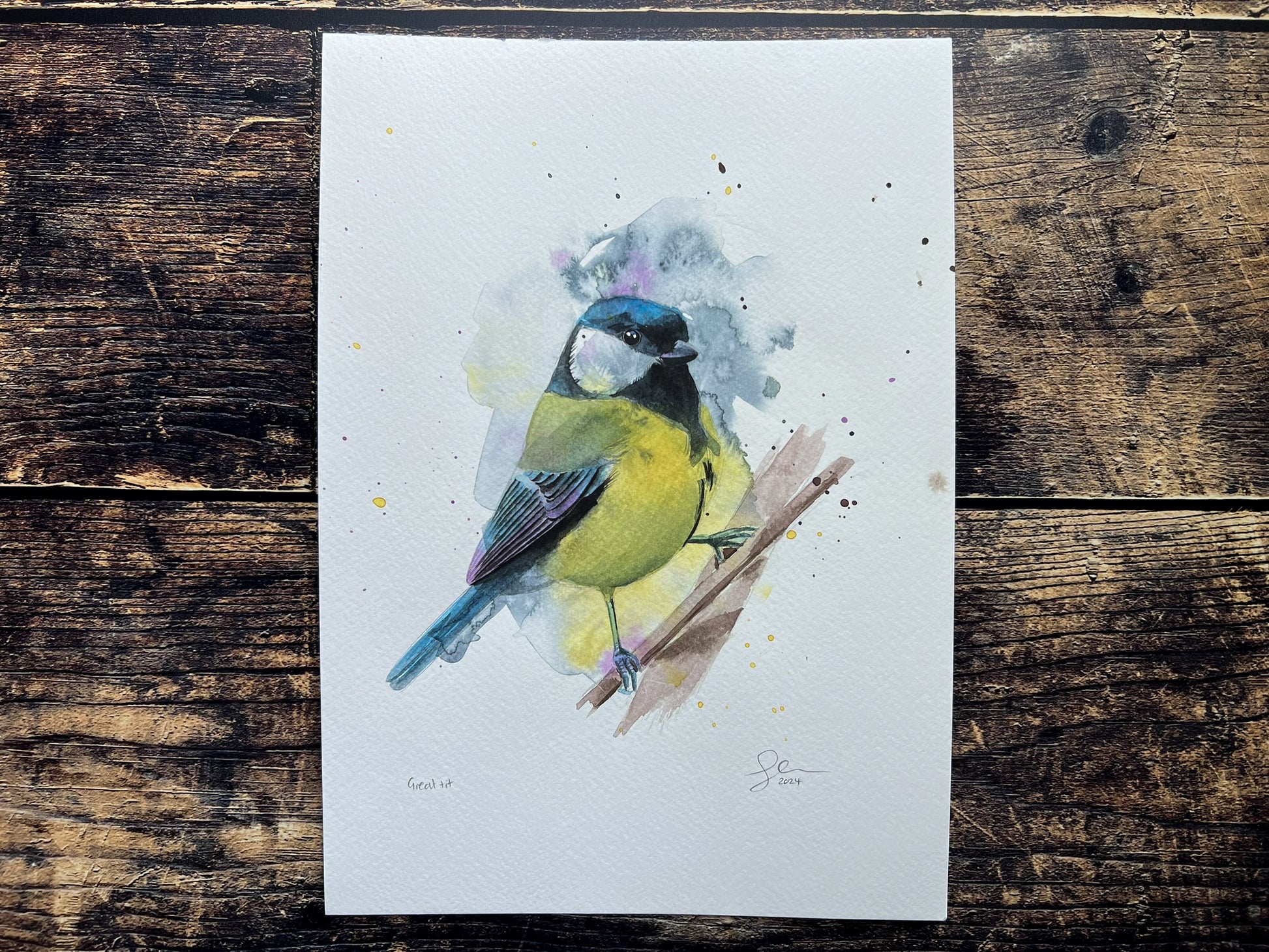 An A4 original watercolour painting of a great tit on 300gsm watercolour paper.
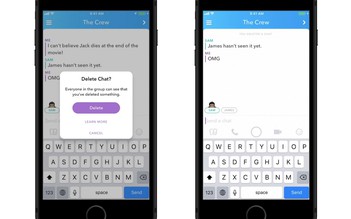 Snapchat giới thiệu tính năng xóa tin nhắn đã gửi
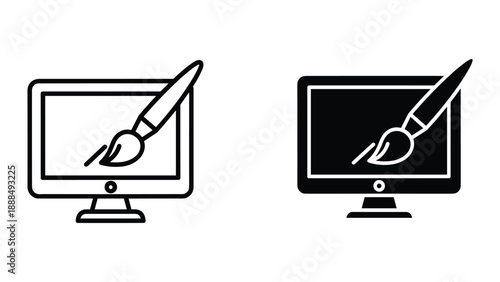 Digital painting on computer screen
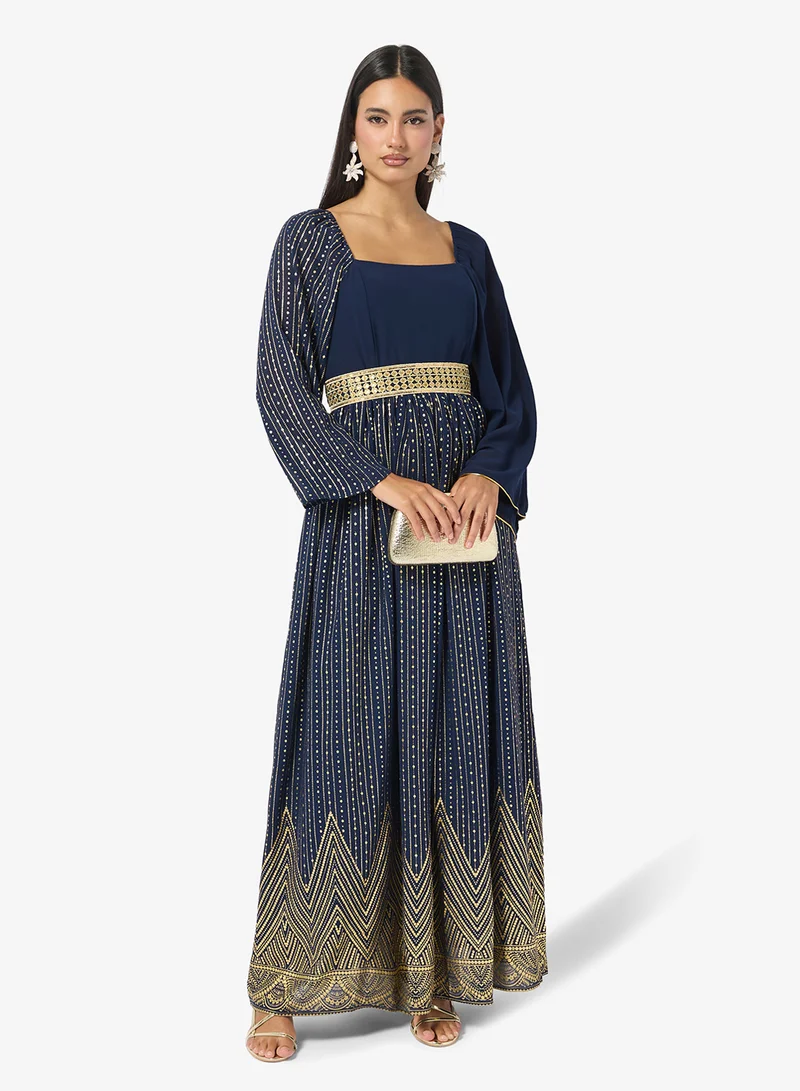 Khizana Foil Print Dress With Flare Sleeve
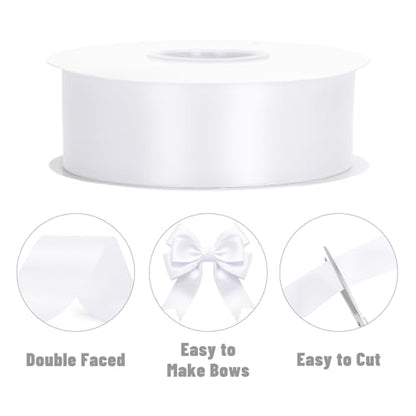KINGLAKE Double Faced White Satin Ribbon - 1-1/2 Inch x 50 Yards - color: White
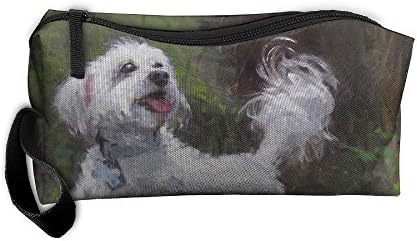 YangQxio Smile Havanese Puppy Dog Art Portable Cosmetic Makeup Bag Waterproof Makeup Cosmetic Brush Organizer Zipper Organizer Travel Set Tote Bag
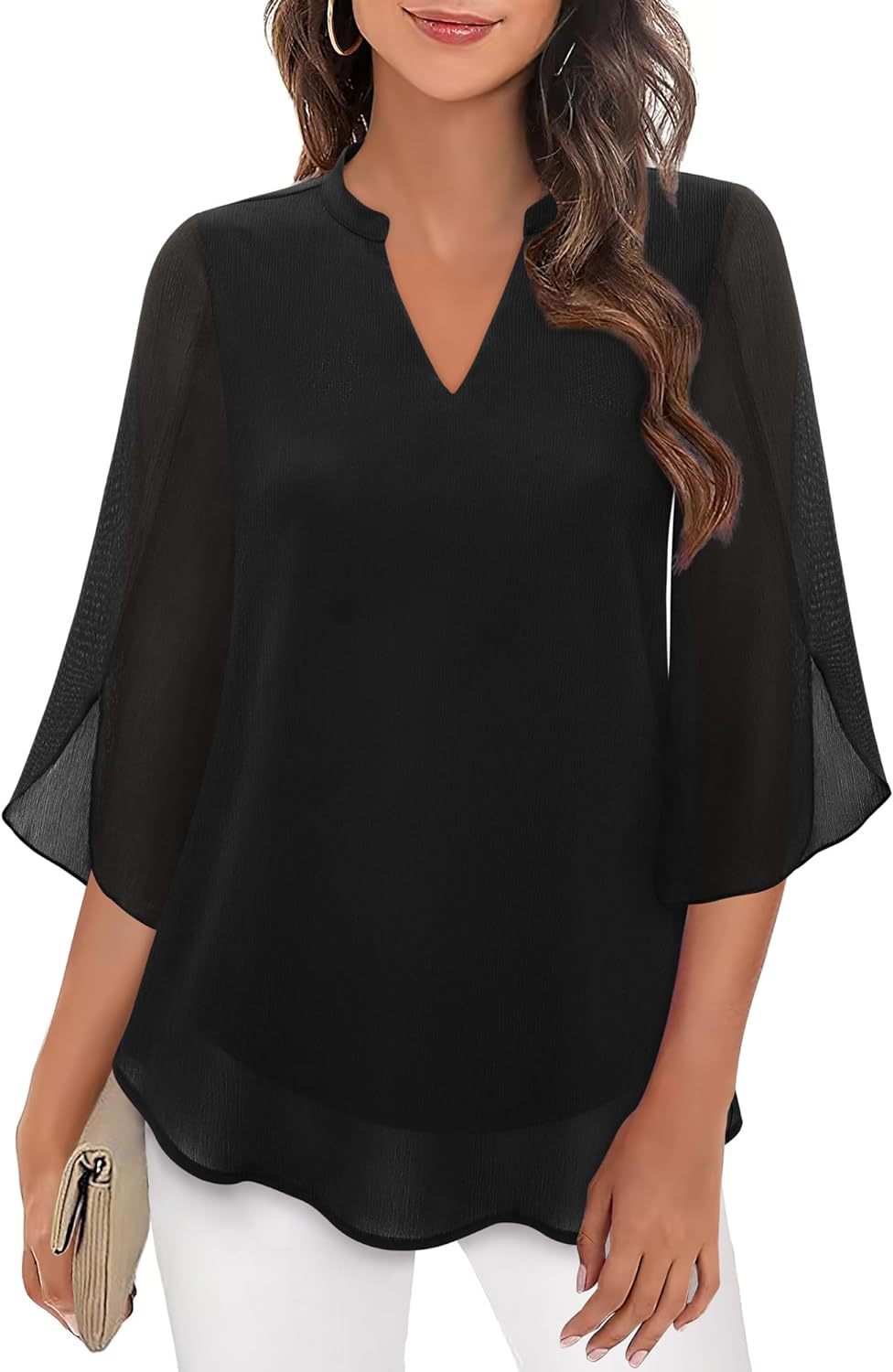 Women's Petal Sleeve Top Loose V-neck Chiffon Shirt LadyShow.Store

* GOAL OF THE EXERCISE
Pictures excluded, reproduce only the part above that opens with the line holding "Snapchat giới thiệu" and closes with the line holding "YangQxio Smile Havanese", exactly as written.

* ANSWER BOX
 Snapchat giới thiệu tính năng xóa tin nhắn đã gửi
 Digital painting on computer screen
 Khizana Foil Print Dress With Flare Sleeve
KINGLAKE Double Faced White Satin Ribbon - 1-1/2 Inch x 50 Yards - color: White
 YangQxio Smile Havanese Puppy Dog Art Portable Cosmetic Makeup Bag Waterproof Makeup Cosmetic Brush Organizer Zipper Organizer Travel Set Tote Bag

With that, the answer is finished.